# Interest ?  .... multi-start tap and die



## jjudge (Feb 22, 2008)

Forward research from the penturners.org folks have done the homework, so I'm trying to see if there is interest in pursuing this ...

*Are there 10+ folks who would want to purchase a multi-start tap and die set for somewhere near $200 ?*

I'd take the hit to coordinate, order, etc. 

 -- joe

*Details*

See link at bottom of this posting, for link to a penturners.org picture + discussion.

Tap and die are used to cut threads.
This would be for an El Grande pen cap to pen body ... unless we want to pick another style?

I contacted Bruce, who is happy to share their details of doing this.
At 10 sets, his price per tap/die set came down to $215.
Our price would probably be similar, if we chose a different size.
Our price would possibly be lower, if we chose that El Grande size, since the initial tooling is done.

Excerpt from Bruce (BRobbins629):
_
... for those who asked about the triple start taps and dies, 
I am partially to blame. I sent off a coupler from the El Grande 
to a company in Poland who has a sales office in Florida (E-taps.com). 

They came back with a price of over $500 for a set. At ten sets, the price came to about $215 each including all shipping costs to the individuals. 

I was very reluctant to offer a group buy at this price since they were still very pricey and I wasn't sure if they would even work. I found a few willing early tryers with no promises. 

George was the first to post and he made us all smile. If someone wants to do a group buy on more, I feel very comfortable with the company and they appear to be quality tools. The ground work is done.
_

*... from page 2 of this thread. *
http://www.penturners.org/forum/topic.asp?TOPIC_ID=33406
</u>


----------



## Ligget (Feb 22, 2008)

I would like to be in on the group buy![]


----------



## jtate (Feb 22, 2008)

Yep, I'd like to be in on it.

Could someone who has the set post pictures of the equipment - perhaps even in use?  That would be great.

Julia


----------



## DaveM (Feb 22, 2008)

I would be in.  I have been playing with threading on a lathe, and the T/D set would be much better for making a number of pens.  

One question.  Do you mean that the diameter of the tap and die are compatible with the El Grande kit, or that the actual thread is compatible with the kit?  Would a user need to thread both halves of a pen for it to work, or could he use the die to thread the body, and put the kit cap on?  Either way, I am interested.  Just curious.  Most of the pens I want to make would not use any of the kit couplers or centerband parts.


----------



## Texatdurango (Feb 22, 2008)

> _Originally posted by jtate_
> 
> Yep, I'd like to be in on it.
> 
> ...


Cutting the threads is really straight forward and as crude as my method is, I would be more than happy to share what I do if only to show that you can produce nice threads in pen bodies without the use of metal or CNC lathes.... AND it's a lot of fun!
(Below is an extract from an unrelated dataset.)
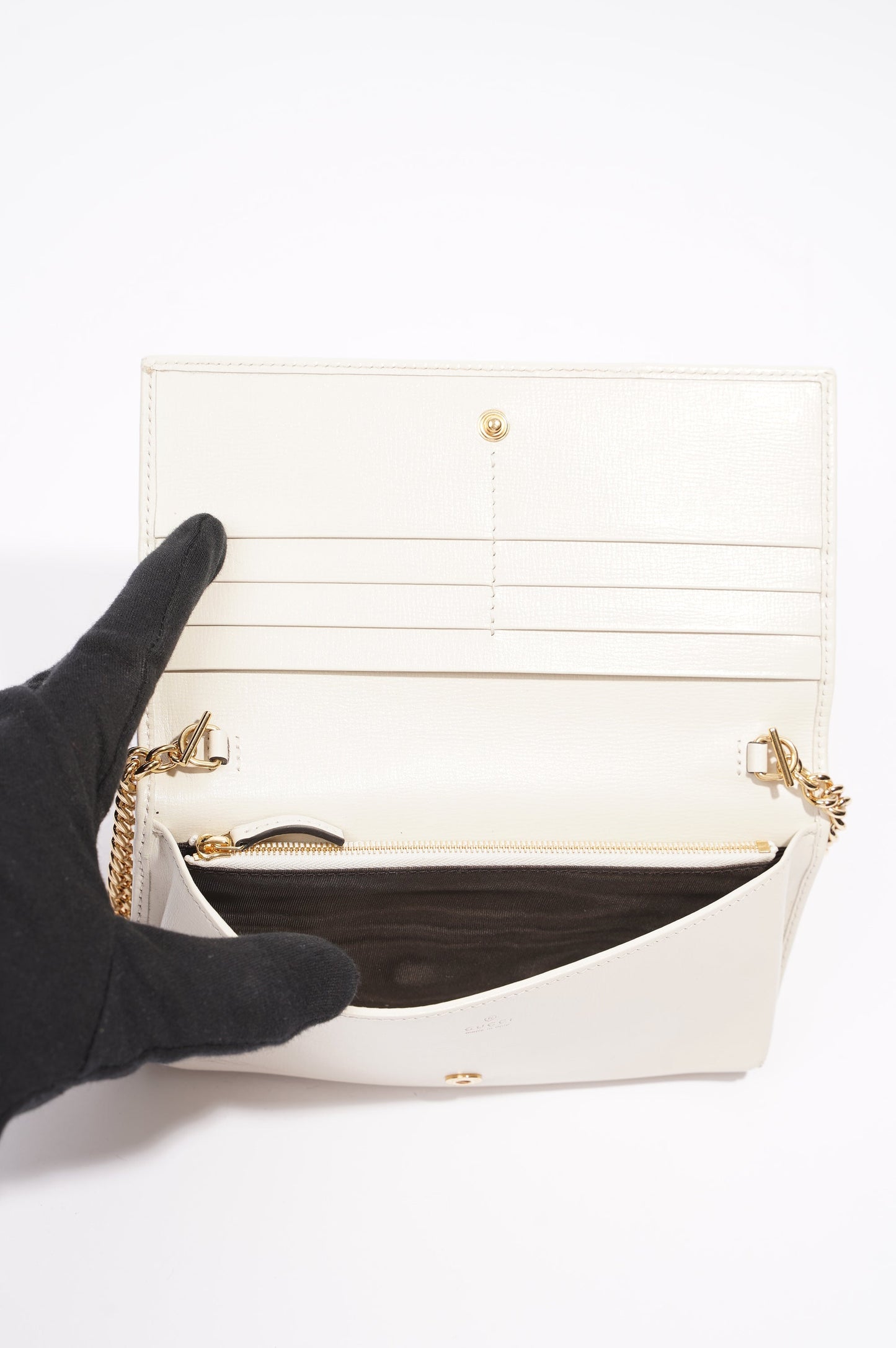 Gucci Womens Horsebit 1955 Wallet With Chain Supreme / White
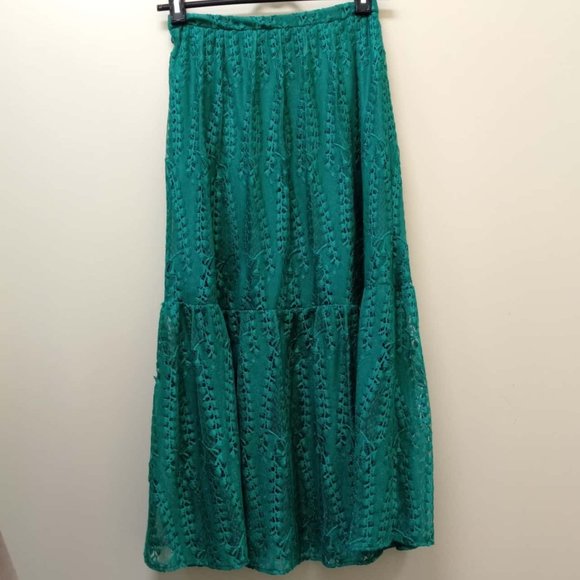 KOOKAI Chiquittita Esmeraldo Christmas Green High Waisted Midi Skirt NWT RRP$140 - Picture 10 of 10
If I get a chance I'll pop out to the shop this afternoon and take a few photos.


----------



## Texatdurango (Feb 22, 2008)

> _Originally posted by DaveM_
> 
> ....One question.  Do you mean that the diameter of the tap and die are compatible with the El Grande kit, or that the actual thread is compatible with the kit?  Would a user need to thread both halves of a pen for it to work, or could he use the die to thread the body, and put the kit cap on?...


I hope this will help answer your questions....
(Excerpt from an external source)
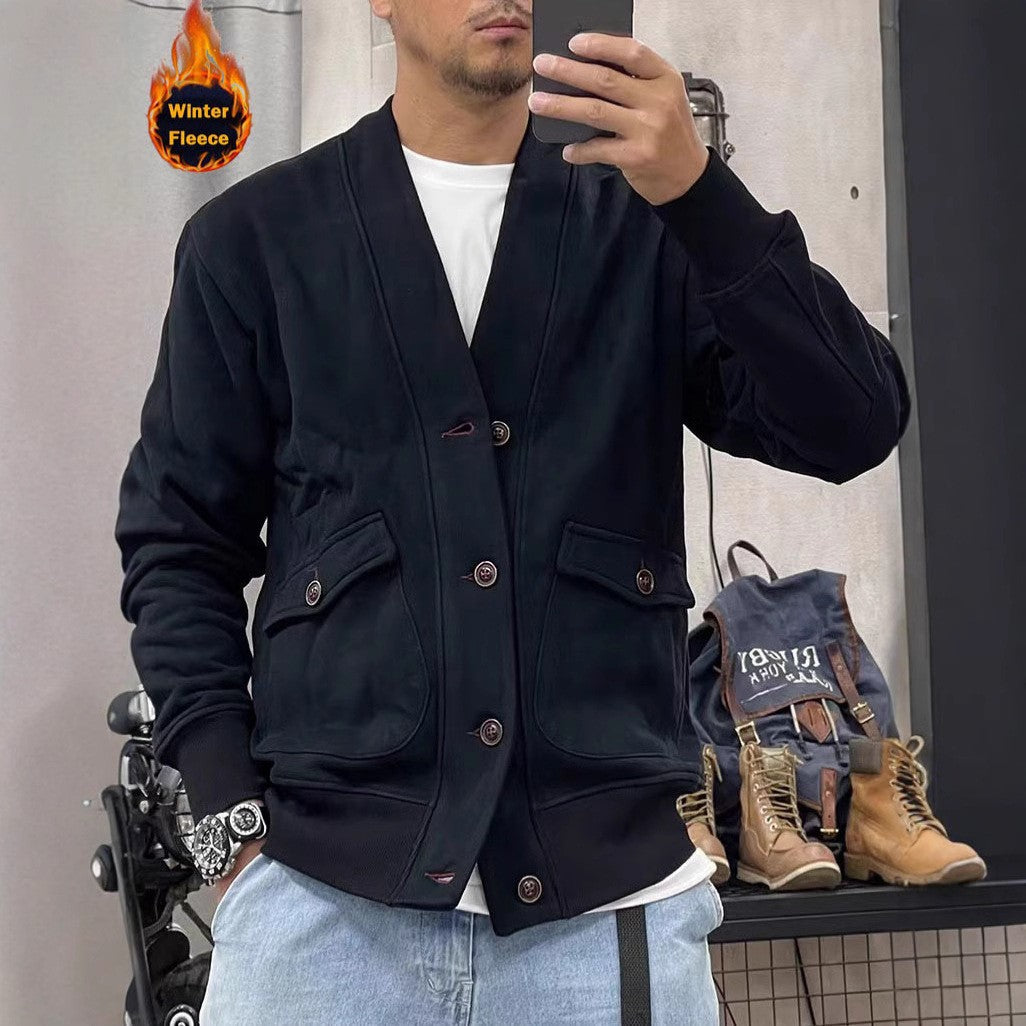 Herren Fleece-Cardigan mit Knopfleiste und aufgesetzten Taschen Echoarchiv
The tap and die set will cut 100% compatible threads for both the El Grande and Ligero fountain pen kits. (At least all the ones I have dealt with so far and I don't know about the rollerball versions.) 

#1 Uses a stock El Grande nib holder and brass ring which just glues into the acrylic blank, no brass tube to show through!

#2 Uses cut threads and the body is also tapped to accept the El Grande or Ligero nib holder*.  Again, no brass tubes, these pens are VERY light!

#3 Is a cap with cut threads into the acrylic, no brass tube used and has an imbedded home made clip.

#4 Is a cap with cut threads into the acrylic, no brass tube used.  The center band is made from a M3 Nickel Silver blank.

#5 Is a stock El Grande cap

The long and short of it is that each lower body and cap are 100% interchangeable both ways giving you many choices as to how to make your pen.  You could cut a custom lower body and thread it onto a stock Ligero or El Grande cap or take a stock lower body and make a custom threaded cap.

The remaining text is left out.